There are times when we feel things are on a roll. They’re clicking. They’re falling into place. Sometimes it’s in one area of our life — perhaps our athletic pursuit, or career, or a project, or a relationship. Sometimes it seems as if the stars are aligned and everything is working.

If you’re anything like me, you’re also sometimes skeptical of momentum.

First, it’s the feeling that when things are going well, well, that must mean something bad is around the corner. And the better things are going, the bigger the unknown, pending disaster that’s coming. Exactly who made that storyline up? And why did I believe it?

My new motto: I don’t buy it. Easier spouted off some days than thoroughly lived, but mantras are useful to bring us back to the place we want to be after we’ve wandered off into gremlin-land.

Second, I start to worry about losing momentum. It seems to appear mysteriously, as a gift from the universe, and as difficult to hold on to as grains of sand. I run out of steam. I start projects and don’t finish them. I slip away from my heathy eating/healthy living core beliefs.

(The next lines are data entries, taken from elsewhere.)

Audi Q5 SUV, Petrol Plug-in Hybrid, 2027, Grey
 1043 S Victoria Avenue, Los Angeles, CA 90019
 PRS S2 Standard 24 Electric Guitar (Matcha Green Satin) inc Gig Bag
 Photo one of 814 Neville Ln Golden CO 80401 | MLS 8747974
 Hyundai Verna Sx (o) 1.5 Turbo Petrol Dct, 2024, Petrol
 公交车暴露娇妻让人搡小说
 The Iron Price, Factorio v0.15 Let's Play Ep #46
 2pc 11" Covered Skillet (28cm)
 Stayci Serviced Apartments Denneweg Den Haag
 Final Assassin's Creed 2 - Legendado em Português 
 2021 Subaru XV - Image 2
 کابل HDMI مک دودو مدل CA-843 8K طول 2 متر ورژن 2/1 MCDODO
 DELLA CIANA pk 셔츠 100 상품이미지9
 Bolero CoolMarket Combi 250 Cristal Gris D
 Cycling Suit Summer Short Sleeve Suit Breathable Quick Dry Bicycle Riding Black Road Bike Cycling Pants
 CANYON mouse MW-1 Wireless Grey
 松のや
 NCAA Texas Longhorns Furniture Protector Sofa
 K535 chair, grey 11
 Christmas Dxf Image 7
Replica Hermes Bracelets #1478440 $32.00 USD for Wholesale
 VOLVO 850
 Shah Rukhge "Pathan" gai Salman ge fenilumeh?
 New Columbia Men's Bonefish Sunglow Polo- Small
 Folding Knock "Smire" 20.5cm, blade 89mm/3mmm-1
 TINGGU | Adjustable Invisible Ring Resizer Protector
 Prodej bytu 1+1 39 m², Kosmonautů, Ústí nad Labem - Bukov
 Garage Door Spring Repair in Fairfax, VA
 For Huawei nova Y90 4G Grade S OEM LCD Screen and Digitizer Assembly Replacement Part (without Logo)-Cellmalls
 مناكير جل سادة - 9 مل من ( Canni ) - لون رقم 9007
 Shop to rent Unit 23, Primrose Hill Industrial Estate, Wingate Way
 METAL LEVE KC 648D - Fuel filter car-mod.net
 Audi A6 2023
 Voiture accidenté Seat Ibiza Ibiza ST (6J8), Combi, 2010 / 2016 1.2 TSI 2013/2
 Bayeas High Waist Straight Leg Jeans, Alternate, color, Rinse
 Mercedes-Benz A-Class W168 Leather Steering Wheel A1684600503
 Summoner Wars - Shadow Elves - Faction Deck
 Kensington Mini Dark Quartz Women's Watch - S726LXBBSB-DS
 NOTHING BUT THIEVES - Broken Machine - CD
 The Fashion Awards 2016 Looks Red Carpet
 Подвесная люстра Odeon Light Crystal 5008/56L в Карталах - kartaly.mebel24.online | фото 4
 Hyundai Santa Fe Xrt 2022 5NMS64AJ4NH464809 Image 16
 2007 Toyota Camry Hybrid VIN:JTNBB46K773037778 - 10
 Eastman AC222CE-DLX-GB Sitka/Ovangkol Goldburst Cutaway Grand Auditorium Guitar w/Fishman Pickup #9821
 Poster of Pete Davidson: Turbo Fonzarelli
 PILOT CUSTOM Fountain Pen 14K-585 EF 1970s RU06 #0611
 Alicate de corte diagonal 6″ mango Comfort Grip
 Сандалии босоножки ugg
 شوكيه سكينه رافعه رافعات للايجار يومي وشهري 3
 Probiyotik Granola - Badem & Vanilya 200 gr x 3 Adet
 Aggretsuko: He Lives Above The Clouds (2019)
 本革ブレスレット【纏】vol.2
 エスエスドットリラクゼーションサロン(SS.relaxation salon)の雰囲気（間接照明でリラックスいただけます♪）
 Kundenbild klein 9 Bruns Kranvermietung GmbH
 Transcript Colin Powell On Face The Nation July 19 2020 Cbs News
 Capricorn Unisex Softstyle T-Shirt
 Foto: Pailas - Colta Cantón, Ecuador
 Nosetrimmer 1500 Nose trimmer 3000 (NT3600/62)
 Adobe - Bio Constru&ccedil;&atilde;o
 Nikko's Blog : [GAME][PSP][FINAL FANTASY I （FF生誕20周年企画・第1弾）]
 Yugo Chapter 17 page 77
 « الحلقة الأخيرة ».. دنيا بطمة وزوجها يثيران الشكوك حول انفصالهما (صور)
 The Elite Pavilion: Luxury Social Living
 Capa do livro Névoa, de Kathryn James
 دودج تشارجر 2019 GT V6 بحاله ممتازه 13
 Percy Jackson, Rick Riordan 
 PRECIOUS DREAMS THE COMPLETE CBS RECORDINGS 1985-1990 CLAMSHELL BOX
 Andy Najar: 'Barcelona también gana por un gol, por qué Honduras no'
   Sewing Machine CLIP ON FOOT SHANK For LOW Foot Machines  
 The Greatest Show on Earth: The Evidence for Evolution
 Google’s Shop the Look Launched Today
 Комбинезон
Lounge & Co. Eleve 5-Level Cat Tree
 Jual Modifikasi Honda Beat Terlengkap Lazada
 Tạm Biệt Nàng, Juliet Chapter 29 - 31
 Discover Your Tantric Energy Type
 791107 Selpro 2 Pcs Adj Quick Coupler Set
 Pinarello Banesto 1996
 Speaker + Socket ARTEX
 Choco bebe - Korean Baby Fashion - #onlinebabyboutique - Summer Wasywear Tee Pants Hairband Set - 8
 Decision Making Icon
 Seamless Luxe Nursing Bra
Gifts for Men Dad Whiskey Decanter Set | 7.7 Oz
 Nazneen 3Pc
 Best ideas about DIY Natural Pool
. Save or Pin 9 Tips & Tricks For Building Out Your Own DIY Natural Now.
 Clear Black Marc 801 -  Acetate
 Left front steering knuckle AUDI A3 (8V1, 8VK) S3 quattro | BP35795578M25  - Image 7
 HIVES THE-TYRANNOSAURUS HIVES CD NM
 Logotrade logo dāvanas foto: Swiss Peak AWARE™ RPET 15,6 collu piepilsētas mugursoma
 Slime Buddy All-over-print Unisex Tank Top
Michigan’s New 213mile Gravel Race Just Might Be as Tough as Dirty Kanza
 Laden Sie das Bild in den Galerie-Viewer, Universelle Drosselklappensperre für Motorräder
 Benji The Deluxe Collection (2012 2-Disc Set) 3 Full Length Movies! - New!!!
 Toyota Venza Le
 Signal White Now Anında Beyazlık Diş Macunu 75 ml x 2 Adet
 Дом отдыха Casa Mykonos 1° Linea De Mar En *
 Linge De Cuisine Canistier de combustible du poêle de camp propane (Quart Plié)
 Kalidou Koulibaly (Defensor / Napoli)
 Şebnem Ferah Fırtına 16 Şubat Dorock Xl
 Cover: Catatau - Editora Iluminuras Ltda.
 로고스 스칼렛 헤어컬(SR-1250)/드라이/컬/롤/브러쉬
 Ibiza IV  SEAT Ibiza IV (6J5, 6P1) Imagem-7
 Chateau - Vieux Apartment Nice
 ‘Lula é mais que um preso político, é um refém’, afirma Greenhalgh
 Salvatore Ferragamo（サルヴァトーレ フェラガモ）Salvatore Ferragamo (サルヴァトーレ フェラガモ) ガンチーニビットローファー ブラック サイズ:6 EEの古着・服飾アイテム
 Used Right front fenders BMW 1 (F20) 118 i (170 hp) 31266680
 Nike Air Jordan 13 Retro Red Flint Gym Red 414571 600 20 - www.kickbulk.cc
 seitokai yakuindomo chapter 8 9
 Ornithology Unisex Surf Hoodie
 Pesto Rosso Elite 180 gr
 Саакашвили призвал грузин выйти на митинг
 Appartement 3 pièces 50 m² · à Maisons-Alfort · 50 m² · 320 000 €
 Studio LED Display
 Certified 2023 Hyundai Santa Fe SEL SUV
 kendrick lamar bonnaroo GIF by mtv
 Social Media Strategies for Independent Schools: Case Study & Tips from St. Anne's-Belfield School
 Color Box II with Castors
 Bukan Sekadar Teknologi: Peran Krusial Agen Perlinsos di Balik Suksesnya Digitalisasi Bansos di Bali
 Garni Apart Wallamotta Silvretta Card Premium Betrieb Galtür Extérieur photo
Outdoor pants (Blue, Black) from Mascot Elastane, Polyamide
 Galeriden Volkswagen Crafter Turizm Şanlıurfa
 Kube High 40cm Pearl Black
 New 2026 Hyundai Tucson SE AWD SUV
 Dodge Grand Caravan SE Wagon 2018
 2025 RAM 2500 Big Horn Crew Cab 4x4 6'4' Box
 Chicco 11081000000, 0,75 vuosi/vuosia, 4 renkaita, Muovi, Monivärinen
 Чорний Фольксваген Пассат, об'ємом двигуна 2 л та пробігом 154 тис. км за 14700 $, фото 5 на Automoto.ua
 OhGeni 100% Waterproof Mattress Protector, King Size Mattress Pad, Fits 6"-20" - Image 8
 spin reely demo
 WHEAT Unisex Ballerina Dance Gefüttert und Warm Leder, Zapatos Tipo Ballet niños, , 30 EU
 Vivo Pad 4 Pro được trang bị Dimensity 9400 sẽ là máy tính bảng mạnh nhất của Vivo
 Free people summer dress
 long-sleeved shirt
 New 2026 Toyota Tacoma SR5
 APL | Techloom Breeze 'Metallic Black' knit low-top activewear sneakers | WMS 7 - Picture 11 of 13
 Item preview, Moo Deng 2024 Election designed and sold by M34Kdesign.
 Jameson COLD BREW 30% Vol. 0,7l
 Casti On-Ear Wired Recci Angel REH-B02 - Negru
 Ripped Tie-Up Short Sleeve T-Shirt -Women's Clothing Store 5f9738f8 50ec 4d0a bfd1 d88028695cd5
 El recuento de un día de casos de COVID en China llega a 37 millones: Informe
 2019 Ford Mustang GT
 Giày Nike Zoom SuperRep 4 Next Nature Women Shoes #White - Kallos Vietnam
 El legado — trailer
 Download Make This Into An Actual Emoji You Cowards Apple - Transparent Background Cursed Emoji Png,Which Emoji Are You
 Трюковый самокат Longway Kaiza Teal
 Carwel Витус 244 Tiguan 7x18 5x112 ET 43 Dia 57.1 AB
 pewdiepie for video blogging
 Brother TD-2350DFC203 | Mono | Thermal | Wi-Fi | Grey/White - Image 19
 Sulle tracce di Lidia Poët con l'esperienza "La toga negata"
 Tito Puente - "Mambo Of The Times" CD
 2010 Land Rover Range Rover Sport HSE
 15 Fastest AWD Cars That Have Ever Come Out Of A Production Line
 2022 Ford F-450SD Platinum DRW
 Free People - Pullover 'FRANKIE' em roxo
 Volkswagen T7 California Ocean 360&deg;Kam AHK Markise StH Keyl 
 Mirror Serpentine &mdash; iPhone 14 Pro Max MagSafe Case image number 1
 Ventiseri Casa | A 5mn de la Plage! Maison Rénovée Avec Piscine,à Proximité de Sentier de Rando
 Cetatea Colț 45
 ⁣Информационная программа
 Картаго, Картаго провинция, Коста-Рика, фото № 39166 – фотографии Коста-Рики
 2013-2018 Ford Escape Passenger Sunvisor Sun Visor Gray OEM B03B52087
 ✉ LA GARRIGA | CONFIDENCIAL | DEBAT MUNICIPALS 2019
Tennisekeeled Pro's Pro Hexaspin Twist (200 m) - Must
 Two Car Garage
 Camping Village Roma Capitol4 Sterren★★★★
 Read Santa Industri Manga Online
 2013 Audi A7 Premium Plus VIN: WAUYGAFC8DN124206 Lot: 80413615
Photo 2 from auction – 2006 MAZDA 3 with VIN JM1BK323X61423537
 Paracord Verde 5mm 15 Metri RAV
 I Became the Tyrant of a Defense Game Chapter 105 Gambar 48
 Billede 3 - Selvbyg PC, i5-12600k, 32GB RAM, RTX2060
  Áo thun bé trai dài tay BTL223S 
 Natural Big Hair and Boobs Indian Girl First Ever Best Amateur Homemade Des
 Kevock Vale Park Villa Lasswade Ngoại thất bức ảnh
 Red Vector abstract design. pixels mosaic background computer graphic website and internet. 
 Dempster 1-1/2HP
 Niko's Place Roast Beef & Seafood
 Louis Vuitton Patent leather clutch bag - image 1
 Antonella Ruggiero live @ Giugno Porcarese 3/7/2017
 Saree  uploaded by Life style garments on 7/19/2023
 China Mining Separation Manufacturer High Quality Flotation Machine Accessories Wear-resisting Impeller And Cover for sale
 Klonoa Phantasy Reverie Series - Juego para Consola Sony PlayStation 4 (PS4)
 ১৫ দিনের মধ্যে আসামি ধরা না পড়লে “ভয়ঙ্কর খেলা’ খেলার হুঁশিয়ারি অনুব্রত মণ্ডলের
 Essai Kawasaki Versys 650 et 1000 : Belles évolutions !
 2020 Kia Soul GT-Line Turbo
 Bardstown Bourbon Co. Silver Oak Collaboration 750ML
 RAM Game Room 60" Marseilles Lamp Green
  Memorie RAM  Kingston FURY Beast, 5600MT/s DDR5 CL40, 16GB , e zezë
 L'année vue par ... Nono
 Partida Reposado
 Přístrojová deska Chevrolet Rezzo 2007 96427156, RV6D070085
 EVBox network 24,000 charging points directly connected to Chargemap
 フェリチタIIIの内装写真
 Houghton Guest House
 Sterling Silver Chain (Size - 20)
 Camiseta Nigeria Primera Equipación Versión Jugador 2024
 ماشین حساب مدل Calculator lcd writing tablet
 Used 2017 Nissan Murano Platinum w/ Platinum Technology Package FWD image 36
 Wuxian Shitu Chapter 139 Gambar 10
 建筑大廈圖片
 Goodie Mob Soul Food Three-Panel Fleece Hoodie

But what I’m learning about momentum is that it can be misplaced, but never fully lost. It shrinks and hides in the damaging light of judgement. When we ease back into ourselves, when we take the first steps to create what we want, momentum starts to reappear.

The frustration so evident in those volleyball players didn’t come from lack of effort. It came from the attitude of striving and stressing to find, harness and keep momentum.

While momentum means movement with force or speed, it doesn’t have to be frantic. Some of the most powerful moments in our lives are subtle and relaxed. Instead, as blogger Katie Tallo noted, momentum can be a wave which carries you from one success to another.

It’s not about trying to get to the finish line. It’s about playing each point, running each mile, doing each action item on your project list and letting those so-called small success carry you forward.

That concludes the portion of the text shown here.